But sexual immorality and all impurity or covetousness must not even be named among you, as is proper among saints. Let there be no filthiness nor foolish talk nor crude joking, which are out of place, but instead let there be thanksgiving. For you may be sure of this, that everyone who is sexually immoral or impure, or who is covetous (that is, an idolater), has no inheritance in the kingdom of Christ and God. Let no one deceive you with empty words, for because of these things the wrath of God comes upon the sons of disobedience. (Ephesians 5:3-6 ESV)

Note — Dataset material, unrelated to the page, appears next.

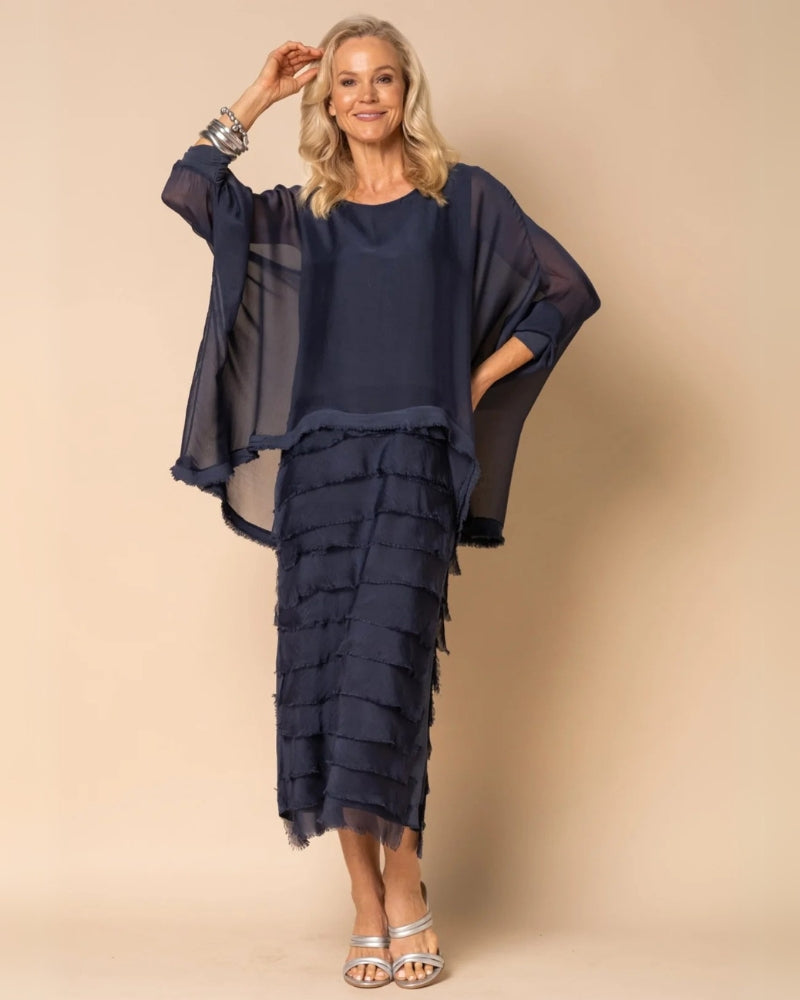 Oreana – Robe Midi à Volants Bohème Chic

This past Sunday I had the privilege of opening up Ephesians 5.1-21 at Grace Fellowship Church. In the verses above, Paul warns the Ephesians that they ought not to joke about sexual sins.

Why would he do that? Does God not have a sense of humour? Are we just supposed to be a bunch of prudes with out-dated morals?

I suggest that from the text, there are at least three reasons why you should not be making or laughing at sexually immoral jokes.

1. You cannot repent of something you find funny

Ephesians 5 4The essence and grounds of repentance is hatred of sin. How can you hate it if you’re laughing at it?

Crude joking can be active or passive. That is, jokes can be something you speak or something you hear. You pick this up in the TV shows and movies that you watch, and the conversations you engage in at your workplace.

We cannot find sin both humorous and repulsive at the same time; either we laugh at it or run from it, but we cannot do both.  How can you be serious about walking away from these sins if you’re laughing at them?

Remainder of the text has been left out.